Representative Kim Wallen of Medford told the committee hemp and marijuana plants “look identical” and argued current legal gaps have allowed illicit growers to flood the market. Wallen said the measure would expand inspection and license‑revocation authority and shift more OLCC tax revenue into an enforcement grant program to support local investigations and victim services.

Rob Bovette, an adjunct professor at Lewis & Clark Law School who helped draft the omnibus package, urged the committee to retain two sections in the dash‑2 amendment: the marijuana market enforcement grant program and a change to the Oregon Medical Marijuana Program (OMMP). Bovette proposed an interim stakeholder work group to resolve remaining hemp‑policy issues.

Jackson County Sheriff Nate Sickler, speaking for the Oregon State Sheriffs Association, described enforcement gains funded by prior grants and urged a stable, dedicated revenue source. He said enforcement teams in his county had eradicated “over 1,000,000 marijuana plants,” seized hundreds of thousands of pounds of processed product and recovered firearms, and warned that cutting funding could force teams to disband.

Opponents said the bill’s proposed funding shift would undercut behavioral‑health services. Dr. Hannah Studer, executive director of Bridges to Change, said section 15 would “divert approximately $18,000,000 per biennium” from tax revenues currently dedicated to behavioral‑health and addiction recovery networks and estimated that could amount to a roughly 10% reduction in those funds.

Tim Dooley of the Association of Oregon Counties said counties value the enforcement grants but cannot support a mid‑biennium statutory reallocation of Measure 110‑directed revenues in a short session; he urged participation in the proposed interim work group instead of a quick statutory change.

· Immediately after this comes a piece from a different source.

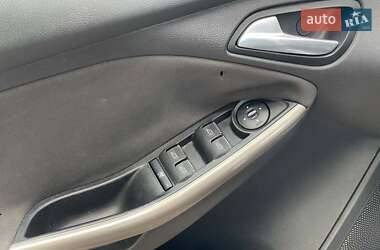 Хэтчбек Ford Focus 2012 в 
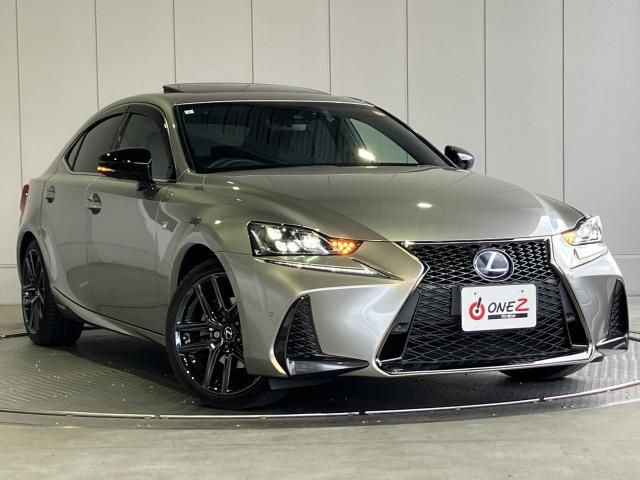LEXUS IS300h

Industry and hemp advocates offered mixed reactions. Nikki Terziav of the Cannabis Industry Alliance said the morning’s dash‑2 amendment and a committed work group reduced her organization’s opposition to neutral. Courtney Moran, representing Oregon CBD, and Beau Whitney, chief economist at Whitney Economics, warned against conflating compliant hemp businesses with criminal operations and flagged economic harms to grain, fiber and compliant hemp producers.

Anthony Taylor of Compassionate Oregon, who holds OMMP’s patient seat on the Oregon Cannabis Commission, voiced support for section 16, which he said would grant limited clinical flexibility to licensed providers to recommend cannabis for qualifying patients while preserving the statutory list of conditions.

The committee closed the public hearing on HB 4,139 without taking a vote and moved on to other bills. Members said they would direct follow‑up questions to panelists after the session.

What’s next: The committee did not vote on the measure during the hearing; sponsors and proponents signaled they expect further work in interim stakeholder meetings and possible conforming amendments before any next committee action.